Les villes américaines quant à elles sont planifiées suivant le modèle de la trame de Jefferson (Jefferson's Ordinance) qui définit un quadrillage rectiligne strict (7).

Cerda (1815-1876) propose sa « teoria » fondée sur un urbanisme de réseaux précurseur des doctrines du Mouvement moderne. Son approche fonctionnaliste, la première, différencie l'espace du mouvement (la voirie) de celui du séjour (les îlots) suivant le concept de « viabilité universelle », comme le montre le plan de Barcelone (4). La ville se compose d'un système de voies orthogonales formant les carrefours traités en pans coupés et percées de voies diagonales. Les voies particulières sont réservées à l'accès aux lotissements.
Ebenezer Howard (1850- 1928) publie en 1899 le concept des cités-jardins satellites en Angleterre. Leur plan théorique partant d'un rond-point central suit un schéma radioconcentrique avec une hiérarchisation des voies (6).

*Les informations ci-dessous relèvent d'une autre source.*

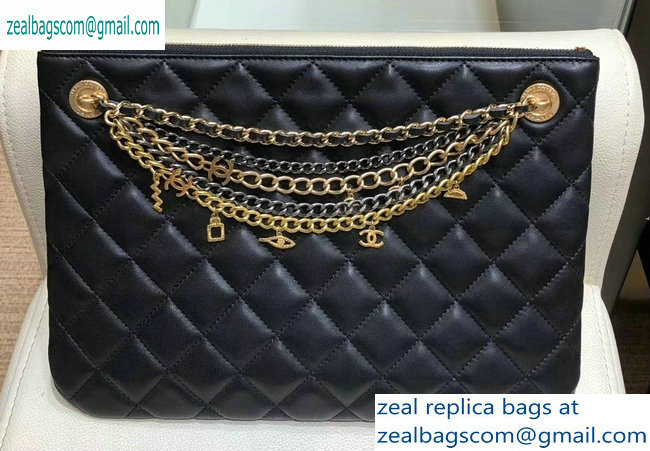 Chanel Lambskin All About Chains Pouch Clutch Bag AP0502 Black 2019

Les CIAM approfondissent la logique de la spécialisation. En 1933, Le Corbusier présente, au congrès d'Athènes, sa théorie de « la ville fonctionnelle ». Le système viaire est requalifié selon la vitesse et hiérarchisé suivant trois fonctions fondamentales : l'habitat, le travail et le loisir. À Chandigar (5), il applique le principe des « sept V » composé de sept voies adaptées à l'usage et à la circulation modernes. En préviligiant la vitesse et en évitant les carrefours par des voies en dénivelé, il réduit le réseau viaire à une monofonctionnalité circulatoire avec perte d'orientation et de liens avec le bâti.

La croissance de la motorisation dans les années qui suivent la Seconde Guerre mondiale bouleverse la problématique des villes. En 1969, les voies rapides urbaines (autoroutes urbaines) sont mises en place sur les berges parisiennes. Le boulevard périphérique se substitue aux remparts suivant un schéma circulaire. Dans les années soixante-dix, les rues piétonnes font leur apparition pour restituer le centre des villes aux riverains. Avec l'évolution des différents modes de déplacements (transports en commun, vélos, etc.) surgissent les voies en site propre employées notamment au cœur des « villes nouvelles » (10).

À l'inverse, l'essor de voies mixtes réglementées telles que les zones 30 (limitées à 30 km/h) ou les cours urbaines sont des alternatives à la spécialisation et à l'encombrement de l'espace urbain. 
La réduction du stationnement et de la circulation automobile aux voies urbaines ne peut que réhabiliter les espaces publics pour les citadins. Cependant les habitudes prises par nos concitoyens et les nombreuses activités économiques qui dépendent de l'usage abusif de l'auto constituent une résistance au changement comportemental et économique. Seule une réponse globale dans le temps apportera une amélioration de notre cadre de vie.

V. AVENUE, BOULEVARD, CARREFOUR, COUR, ÎLOT, LOTISSEMENT, ROND-POINT, RUE, RUE PIÉTONNE.